I protested too much. I can hear myself talking back then; I wish now someone had clapped a big hand around my mouth to stifle the words. I didn’t set out to betray my own values. But what are values if they aren’t practised, but only spoken? Lies. Is it possible to lie to oneself? It is more than possible: it is easier than telling oneself the truth.
The response to the dialogue of one’s own dishonesty is like the reaction of the mob to a speech by a self-righteous politician. They listen intently and cheer the words ‘peace’, ‘security’, ‘freedom’ while determinedly ignoring their nagging inner voices that cry out, ‘lies!’ It is always easier to agree with the demagogue than to challenge him. And no wonder: history teaches us what might be the awful consequences of such challenges. To challenge one’s own thoughts takes similar courage: we might have to face uncomfortable truths. Might it be that if we mount a challenge to our own self-righteousness we’ll discover we are not what we hoped we are? Instead there lurks a coward, a crook, a beast? Perhaps we’ll stare into the face of our own damnation.

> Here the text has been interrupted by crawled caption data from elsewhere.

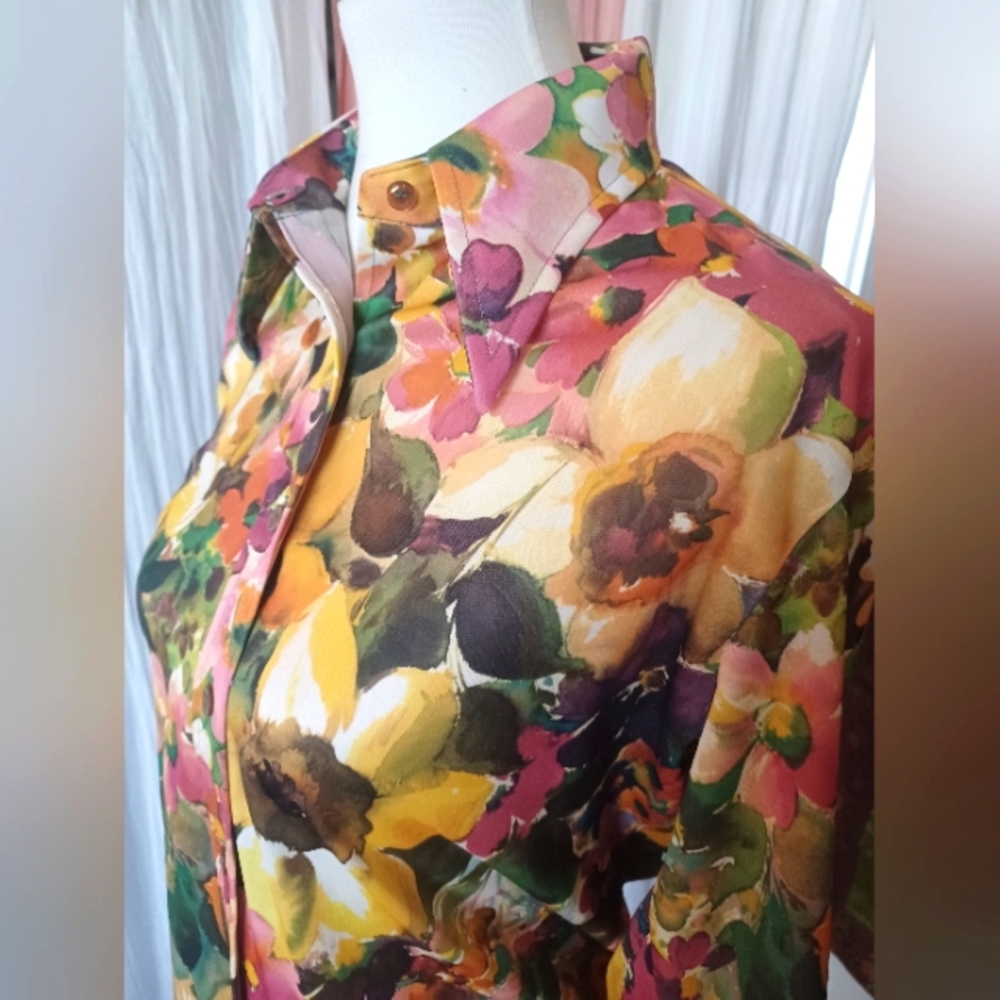 Vintage flower 🌼 button up blouse.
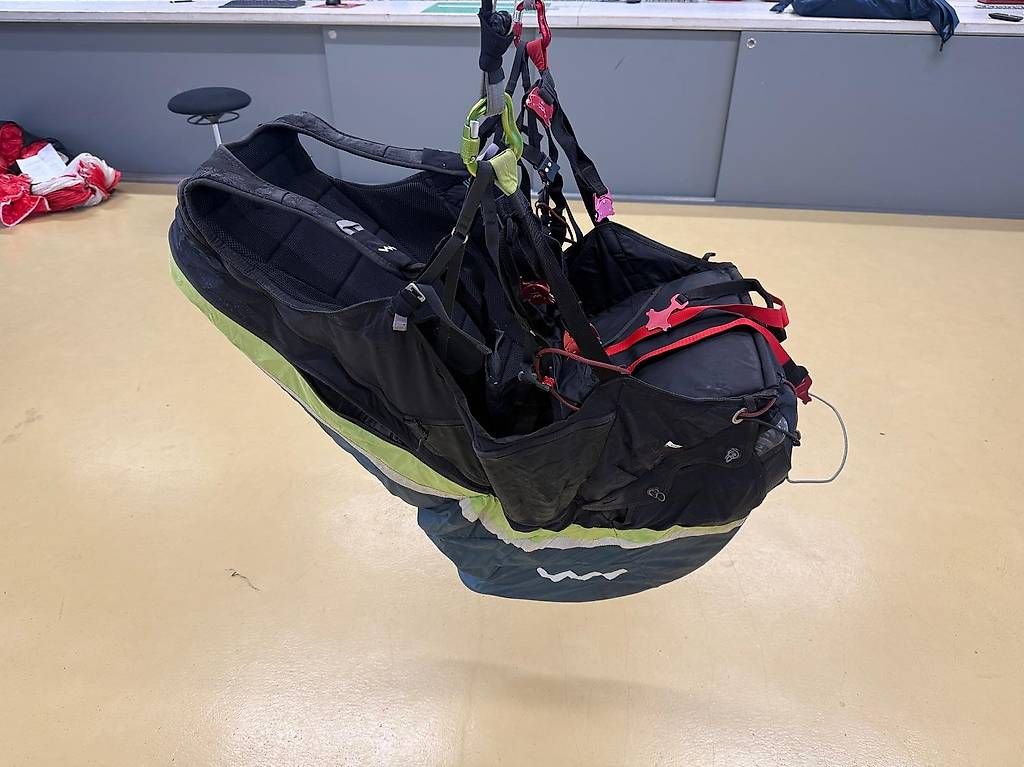 Sport dell'aria & Aquiloni: Woody Valley Wani 1 L – Usato da Matzendorf venduto da Flugschule-Jura 2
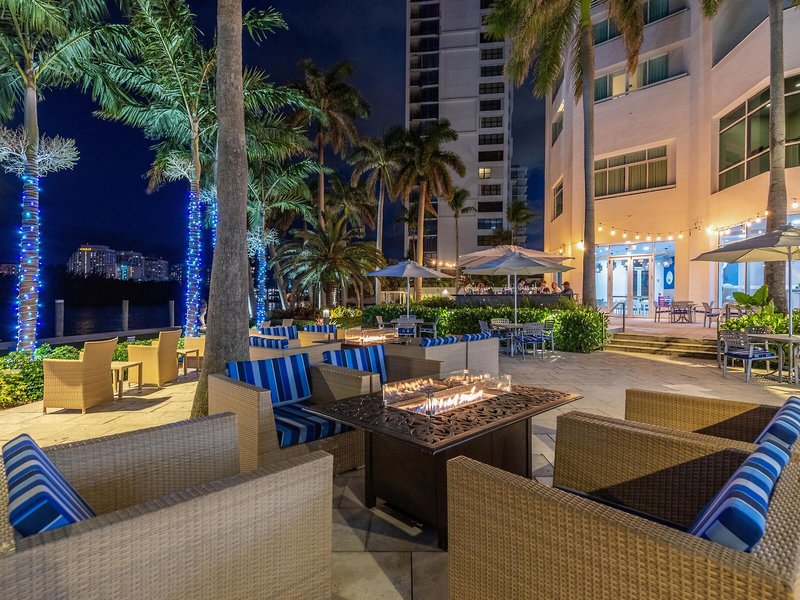 GALLERYone - a DoubleTree Suites by Hilton Hotel 17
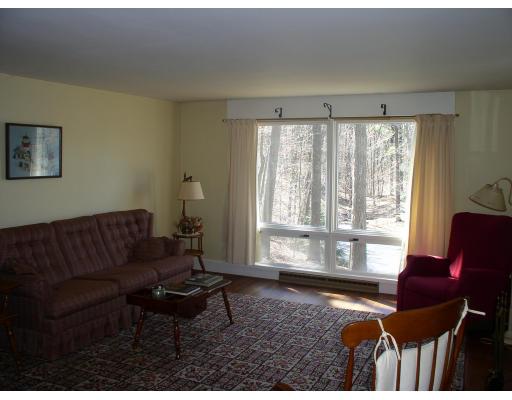 53 Howard Street Hamilton, MA 01982 - Photo 3 of 16 Gallery Image 3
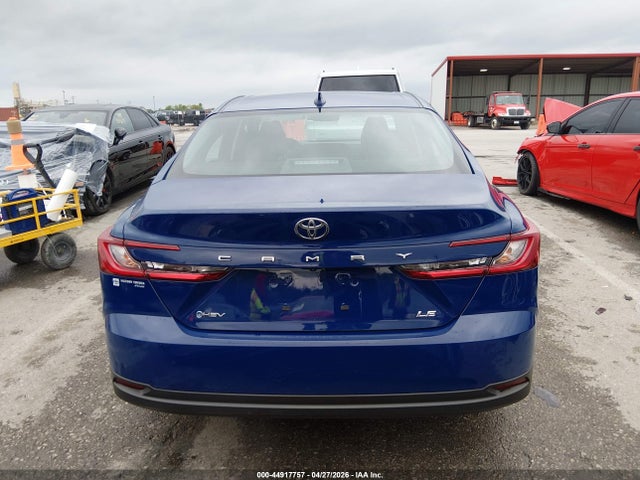 Toyota Camry Le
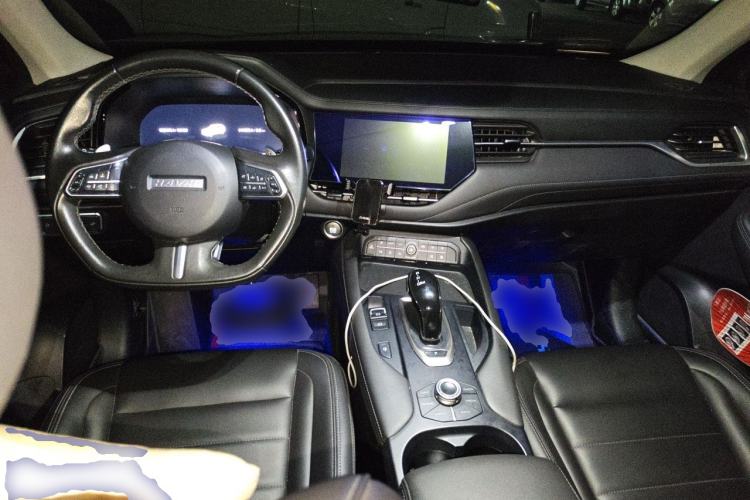 Used Haval F7 2020 1.5T Two-Wheel Drive i-Trend Center Console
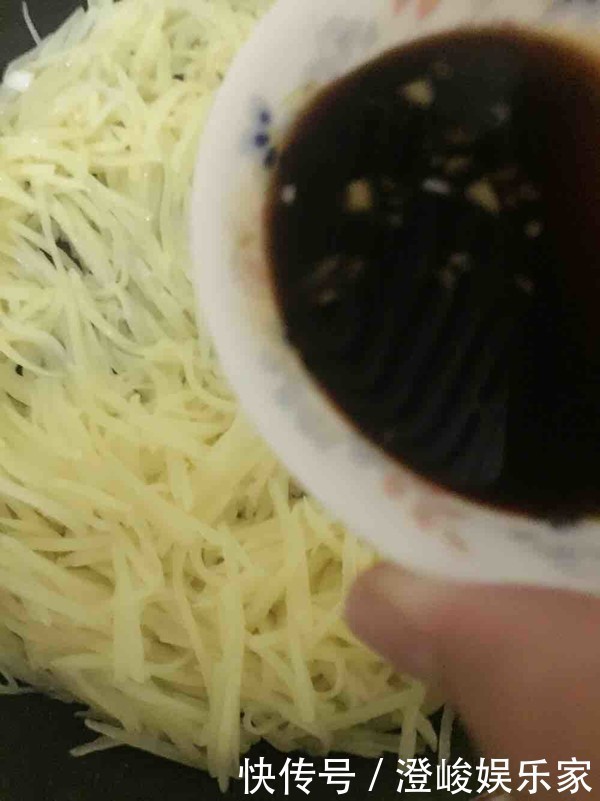 炒土豆丝,有人焯水有人直接炒全错了,这才是土豆丝正确的做法
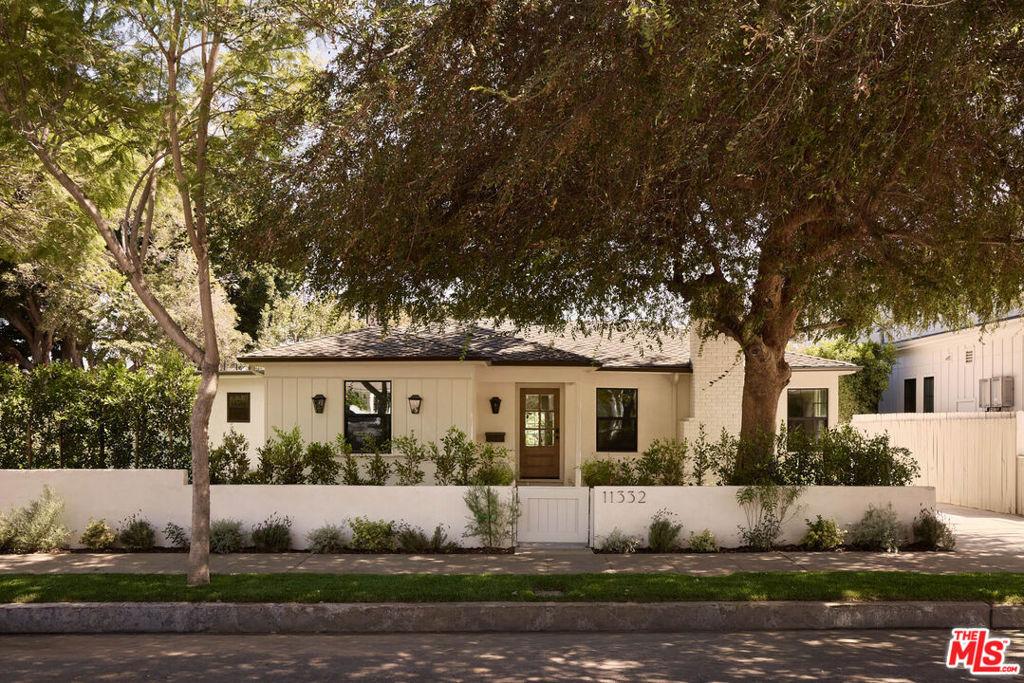 Chenault St, Los Angeles, CA 90049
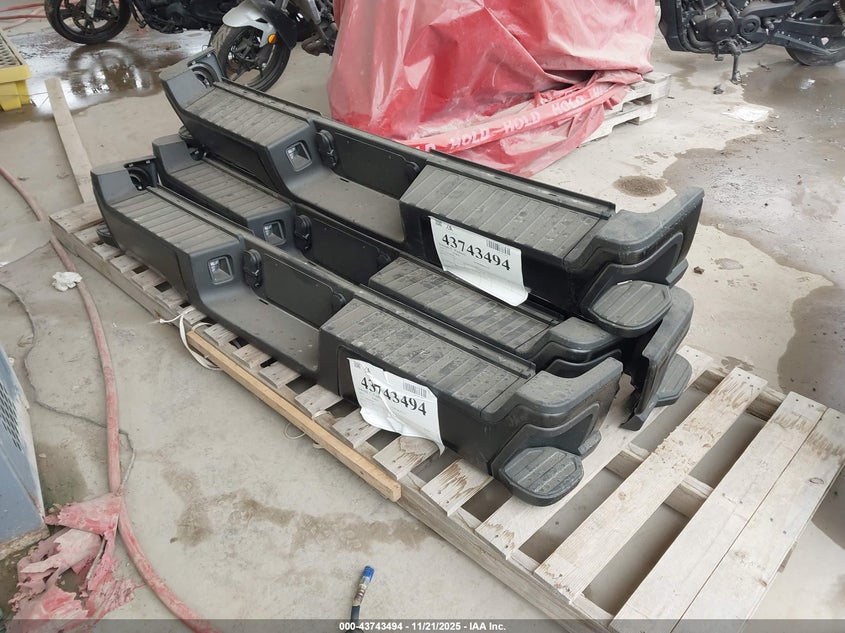 2023 Ford Superduty VIN: 4BUMPERS Lot: 43743494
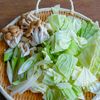 フライパンで！鶏肉ときゃべつのうま塩にんにく鍋の工程1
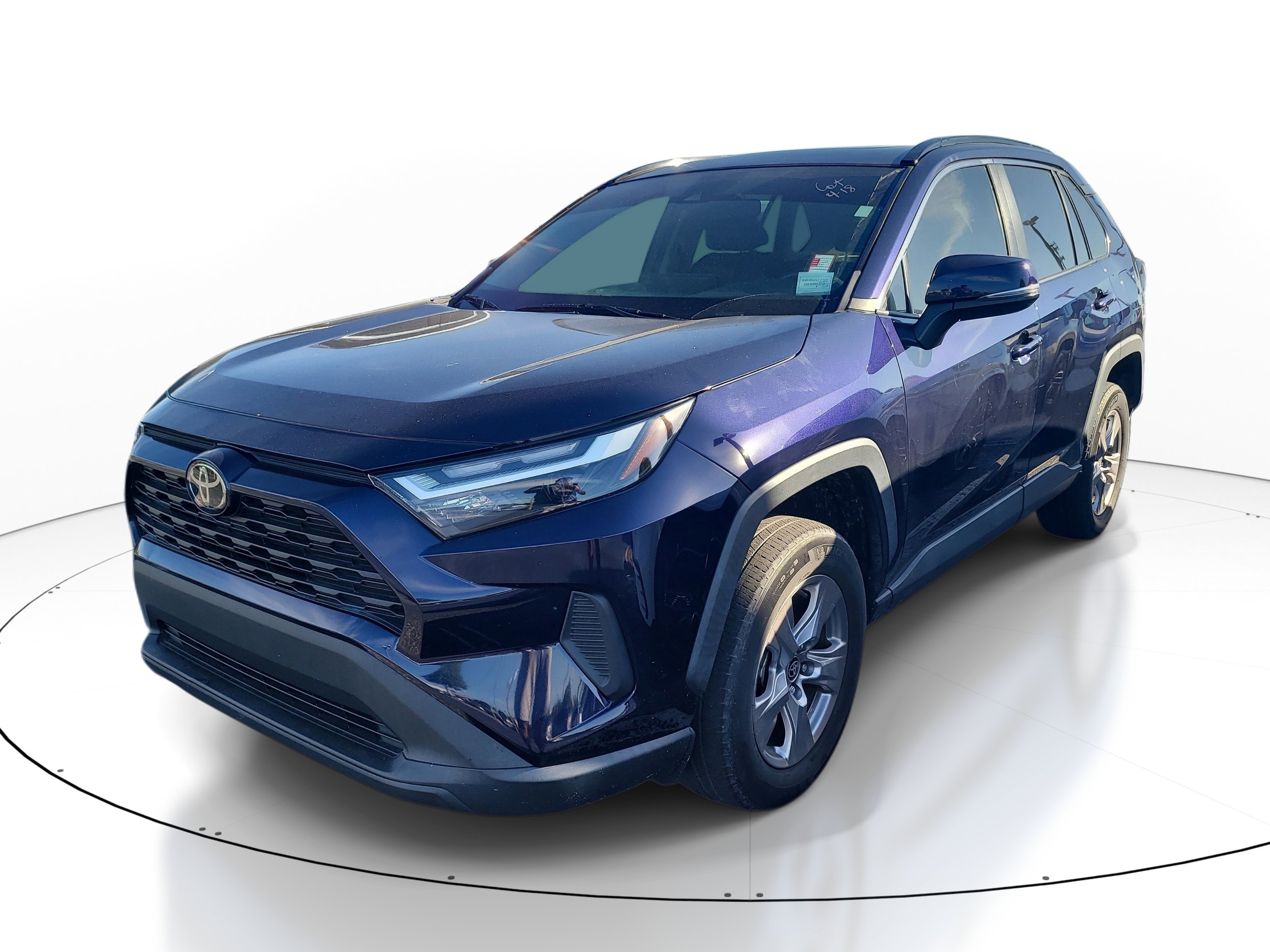 Used 2022 Toyota RAV4 XLE w/ Convenience Package FWD image 3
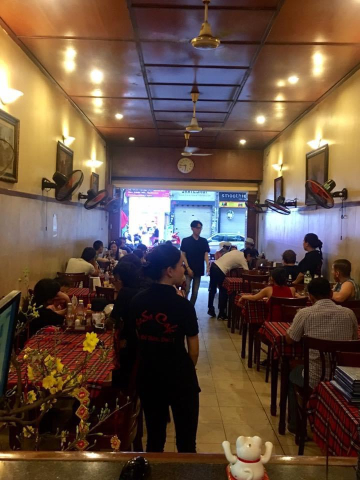 Bán nhà mặt tiền 242 Đề Thám, Quận 1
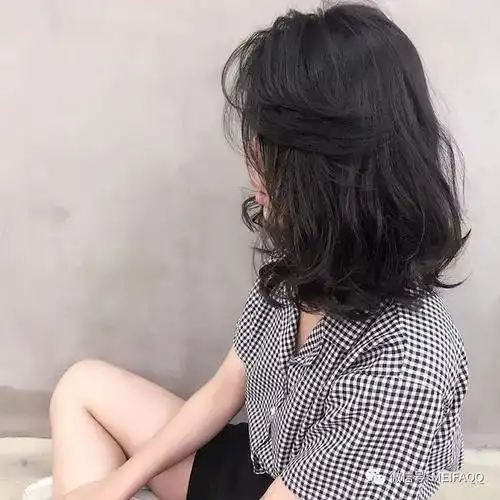 不用打理的卷发今年最流行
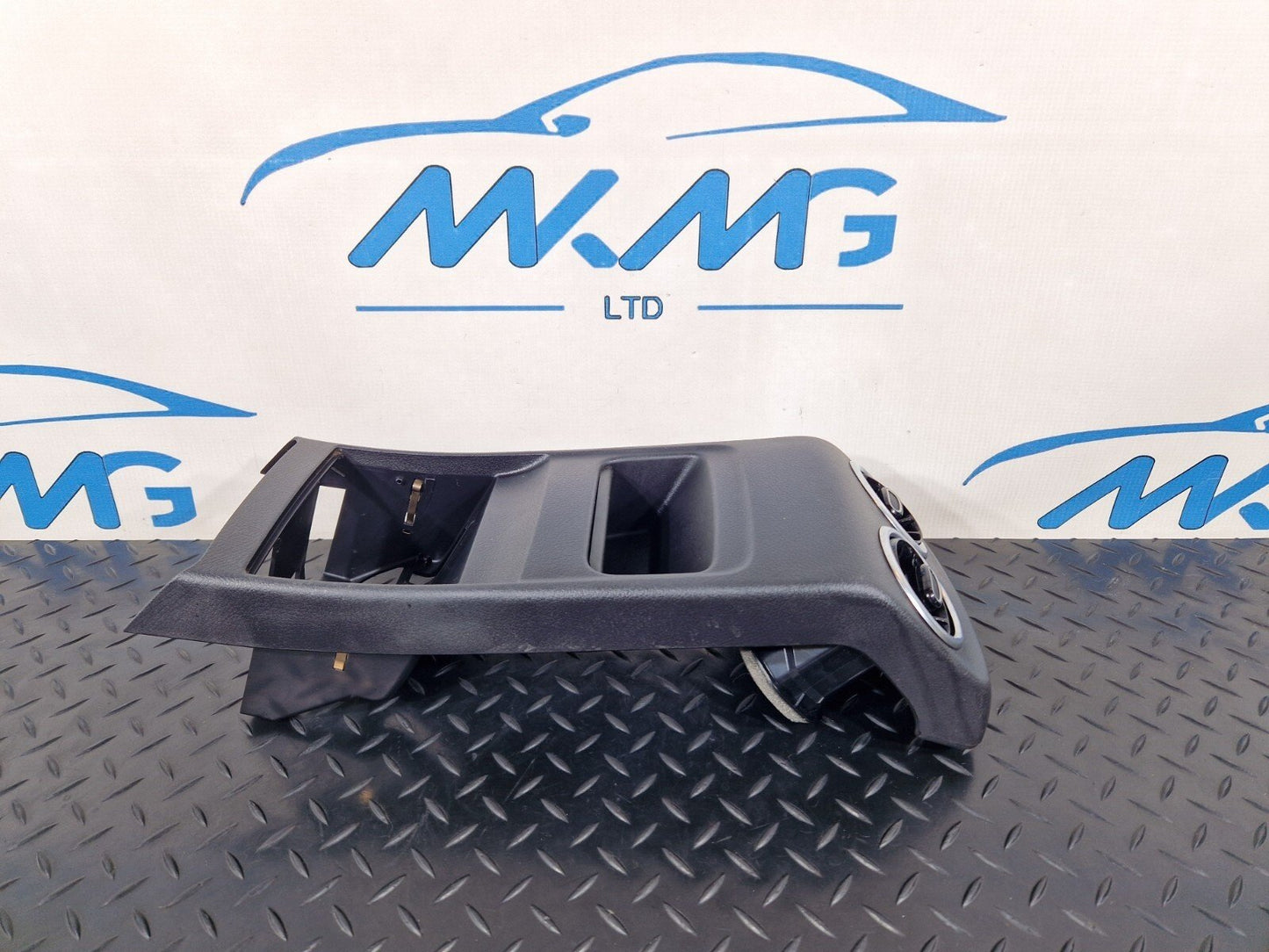 19-ON MERCEDES BENZ B CLASS W247 REAR CENTER CONSOLE TRIM & AIR VENT A2476803001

No! Such contemplations are too hard, we tell ourselves. Besides, only actions count; but there is the rub. (Shakespeare again!) How do we know who we really are until we are truly tested?
How often (and with echoes of shrill desperation) have we all said, “I would never do that”? I know I have said it many times and the words have turned to Sahara sand in my mouth. I rinse and rinse but the burn and dryness doesn’t go away. My teeth crack down on the tiniest grain and I grimace with discomfort. But I deserve it.
After all, I have betrayed myself; failed my own test. Now I must live with the consequences...It was Shakespeare who said something about protesting too much. I wonder whether the Bard knew himself as well as he knew others.
After all, I have betrayed myself; failed my own test. Now I must live with the consequences...
What an amazing voice !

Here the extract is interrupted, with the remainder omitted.